* _YOUR INSTRUCTIONS_: Each entry should be transcribed exactly as written, and any picture left out.

- - - - -

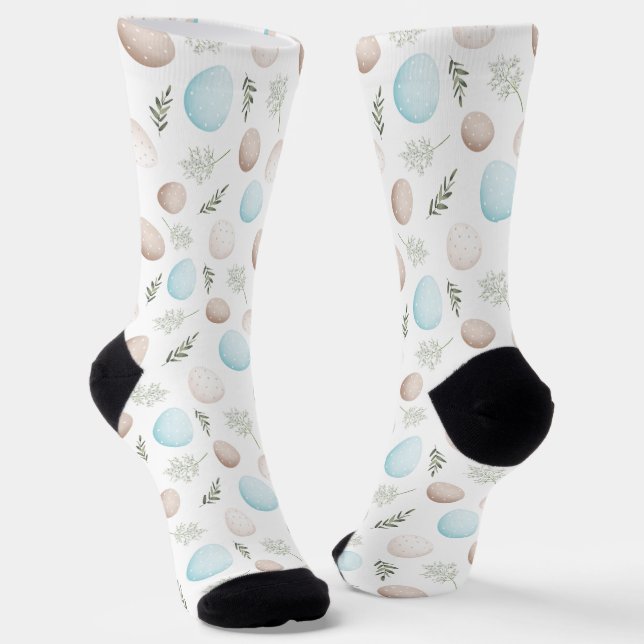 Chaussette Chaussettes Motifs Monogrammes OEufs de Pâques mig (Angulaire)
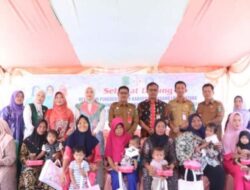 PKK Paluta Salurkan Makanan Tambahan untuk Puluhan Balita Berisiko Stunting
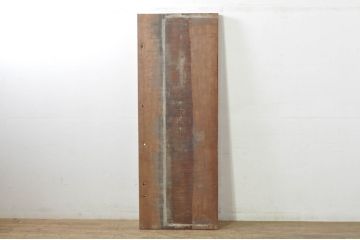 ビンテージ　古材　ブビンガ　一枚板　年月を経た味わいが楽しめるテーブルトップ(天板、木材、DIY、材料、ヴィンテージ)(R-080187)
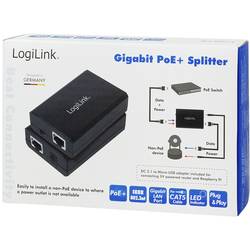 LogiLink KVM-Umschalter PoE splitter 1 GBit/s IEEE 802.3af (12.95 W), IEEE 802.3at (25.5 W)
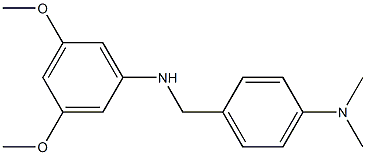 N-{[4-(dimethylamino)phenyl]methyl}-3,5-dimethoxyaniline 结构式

- - - - -

* _TASK ANSWER_:
 Chaussette Chaussettes Motifs Monogrammes OEufs de Pâques mig (Angulaire)
 PKK Paluta Salurkan Makanan Tambahan untuk Puluhan Balita Berisiko Stunting
 ビンテージ　古材　ブビンガ　一枚板　年月を経た味わいが楽しめるテーブルトップ(天板、木材、DIY、材料、ヴィンテージ)(R-080187)
 LogiLink KVM-Umschalter PoE splitter 1 GBit/s IEEE 802.3af (12.95 W), IEEE 802.3at (25.5 W)
 N-{[4-(dimethylamino)phenyl]methyl}-3,5-dimethoxyaniline 结构式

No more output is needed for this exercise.